Dataset records below:
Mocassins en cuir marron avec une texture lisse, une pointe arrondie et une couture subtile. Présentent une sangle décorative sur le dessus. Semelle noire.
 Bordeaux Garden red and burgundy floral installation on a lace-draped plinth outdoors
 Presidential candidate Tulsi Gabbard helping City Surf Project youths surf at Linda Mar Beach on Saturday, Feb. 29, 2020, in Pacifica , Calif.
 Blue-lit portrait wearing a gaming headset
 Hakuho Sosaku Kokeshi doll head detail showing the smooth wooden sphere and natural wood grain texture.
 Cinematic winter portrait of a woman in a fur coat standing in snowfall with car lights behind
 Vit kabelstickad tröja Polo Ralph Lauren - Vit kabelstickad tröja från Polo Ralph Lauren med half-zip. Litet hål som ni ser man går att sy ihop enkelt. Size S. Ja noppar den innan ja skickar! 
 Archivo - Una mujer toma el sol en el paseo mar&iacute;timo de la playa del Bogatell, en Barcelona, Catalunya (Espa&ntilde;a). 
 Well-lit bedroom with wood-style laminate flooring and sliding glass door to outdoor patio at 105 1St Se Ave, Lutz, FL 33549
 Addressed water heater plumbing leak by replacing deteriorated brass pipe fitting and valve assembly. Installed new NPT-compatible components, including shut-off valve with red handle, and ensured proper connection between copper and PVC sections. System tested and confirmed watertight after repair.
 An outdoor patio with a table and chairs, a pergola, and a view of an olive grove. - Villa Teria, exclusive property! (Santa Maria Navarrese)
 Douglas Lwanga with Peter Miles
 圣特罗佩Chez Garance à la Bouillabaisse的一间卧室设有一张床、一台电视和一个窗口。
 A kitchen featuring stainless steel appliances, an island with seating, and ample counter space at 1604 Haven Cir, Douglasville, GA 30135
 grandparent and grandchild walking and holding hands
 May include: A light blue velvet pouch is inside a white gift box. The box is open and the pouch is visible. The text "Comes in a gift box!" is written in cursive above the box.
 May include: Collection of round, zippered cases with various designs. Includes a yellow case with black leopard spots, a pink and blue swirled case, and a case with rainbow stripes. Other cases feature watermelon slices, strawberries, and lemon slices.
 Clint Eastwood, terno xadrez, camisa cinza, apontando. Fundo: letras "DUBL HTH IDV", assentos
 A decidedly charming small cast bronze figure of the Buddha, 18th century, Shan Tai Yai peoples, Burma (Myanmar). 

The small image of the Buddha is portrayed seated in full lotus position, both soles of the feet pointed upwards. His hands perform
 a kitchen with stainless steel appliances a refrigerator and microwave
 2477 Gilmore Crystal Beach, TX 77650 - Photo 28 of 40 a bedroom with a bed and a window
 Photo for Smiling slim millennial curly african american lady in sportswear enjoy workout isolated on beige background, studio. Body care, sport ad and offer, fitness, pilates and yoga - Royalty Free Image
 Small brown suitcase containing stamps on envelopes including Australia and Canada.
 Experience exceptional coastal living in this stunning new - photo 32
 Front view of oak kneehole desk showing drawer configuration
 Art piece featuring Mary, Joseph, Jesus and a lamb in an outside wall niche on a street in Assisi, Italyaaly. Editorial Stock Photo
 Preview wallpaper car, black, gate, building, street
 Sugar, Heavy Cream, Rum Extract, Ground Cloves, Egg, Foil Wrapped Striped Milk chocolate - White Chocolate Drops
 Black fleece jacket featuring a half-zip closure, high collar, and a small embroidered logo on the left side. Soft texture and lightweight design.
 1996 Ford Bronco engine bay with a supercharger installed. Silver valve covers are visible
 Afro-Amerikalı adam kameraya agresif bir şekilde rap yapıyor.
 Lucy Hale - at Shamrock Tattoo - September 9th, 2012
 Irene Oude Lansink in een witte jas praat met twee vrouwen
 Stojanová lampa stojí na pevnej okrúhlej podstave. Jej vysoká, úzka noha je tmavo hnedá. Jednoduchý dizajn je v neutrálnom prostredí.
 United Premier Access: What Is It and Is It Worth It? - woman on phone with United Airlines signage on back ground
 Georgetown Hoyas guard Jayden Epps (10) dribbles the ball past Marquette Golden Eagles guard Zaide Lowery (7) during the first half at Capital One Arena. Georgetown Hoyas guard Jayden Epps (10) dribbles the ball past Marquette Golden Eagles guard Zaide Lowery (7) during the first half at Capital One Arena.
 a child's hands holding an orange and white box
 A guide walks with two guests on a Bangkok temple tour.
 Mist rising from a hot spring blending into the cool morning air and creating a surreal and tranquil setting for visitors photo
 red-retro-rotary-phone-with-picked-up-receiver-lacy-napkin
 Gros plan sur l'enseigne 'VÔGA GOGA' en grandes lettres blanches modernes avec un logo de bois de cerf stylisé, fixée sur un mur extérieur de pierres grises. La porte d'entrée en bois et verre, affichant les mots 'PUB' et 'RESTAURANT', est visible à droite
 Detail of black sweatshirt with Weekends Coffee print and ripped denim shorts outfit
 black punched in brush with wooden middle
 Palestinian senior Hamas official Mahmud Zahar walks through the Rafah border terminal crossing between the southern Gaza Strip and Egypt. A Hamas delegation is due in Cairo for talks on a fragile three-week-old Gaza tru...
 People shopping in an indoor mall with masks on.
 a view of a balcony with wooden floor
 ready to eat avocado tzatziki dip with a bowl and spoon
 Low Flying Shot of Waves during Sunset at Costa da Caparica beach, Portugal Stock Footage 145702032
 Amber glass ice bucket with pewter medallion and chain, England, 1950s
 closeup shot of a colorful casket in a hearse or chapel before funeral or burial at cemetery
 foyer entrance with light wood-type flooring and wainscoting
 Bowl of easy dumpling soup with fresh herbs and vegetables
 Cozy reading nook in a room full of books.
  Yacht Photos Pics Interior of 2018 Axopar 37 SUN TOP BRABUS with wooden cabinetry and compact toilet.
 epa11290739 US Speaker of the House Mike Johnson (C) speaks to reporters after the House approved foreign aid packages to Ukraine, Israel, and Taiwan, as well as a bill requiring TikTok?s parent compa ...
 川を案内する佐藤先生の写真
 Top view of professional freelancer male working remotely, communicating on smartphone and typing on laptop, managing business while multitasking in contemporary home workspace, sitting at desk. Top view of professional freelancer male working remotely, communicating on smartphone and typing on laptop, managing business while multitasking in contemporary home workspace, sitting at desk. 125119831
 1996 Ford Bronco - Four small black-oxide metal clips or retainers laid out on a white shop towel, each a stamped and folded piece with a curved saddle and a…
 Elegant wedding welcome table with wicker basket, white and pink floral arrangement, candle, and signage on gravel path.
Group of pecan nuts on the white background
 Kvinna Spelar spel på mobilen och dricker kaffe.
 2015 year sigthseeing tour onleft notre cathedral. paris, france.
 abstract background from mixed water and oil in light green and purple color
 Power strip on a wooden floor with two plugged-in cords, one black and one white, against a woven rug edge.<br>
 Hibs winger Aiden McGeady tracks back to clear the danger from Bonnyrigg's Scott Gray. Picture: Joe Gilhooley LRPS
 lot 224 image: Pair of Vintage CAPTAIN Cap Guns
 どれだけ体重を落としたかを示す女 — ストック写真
End of Dataset records.
**Task details**
Restate word for word only the lines above from the line containing "Cinematic winter portrait" to the line containing "Vit kabelstickad tröja Polo", both of them included.

**Exercise response**
 Cinematic winter portrait of a woman in a fur coat standing in snowfall with car lights behind
 Vit kabelstickad tröja Polo Ralph Lauren - Vit kabelstickad tröja från Polo Ralph Lauren med half-zip. Litet hål som ni ser man går att sy ihop enkelt. Size S. Ja noppar den innan ja skickar! 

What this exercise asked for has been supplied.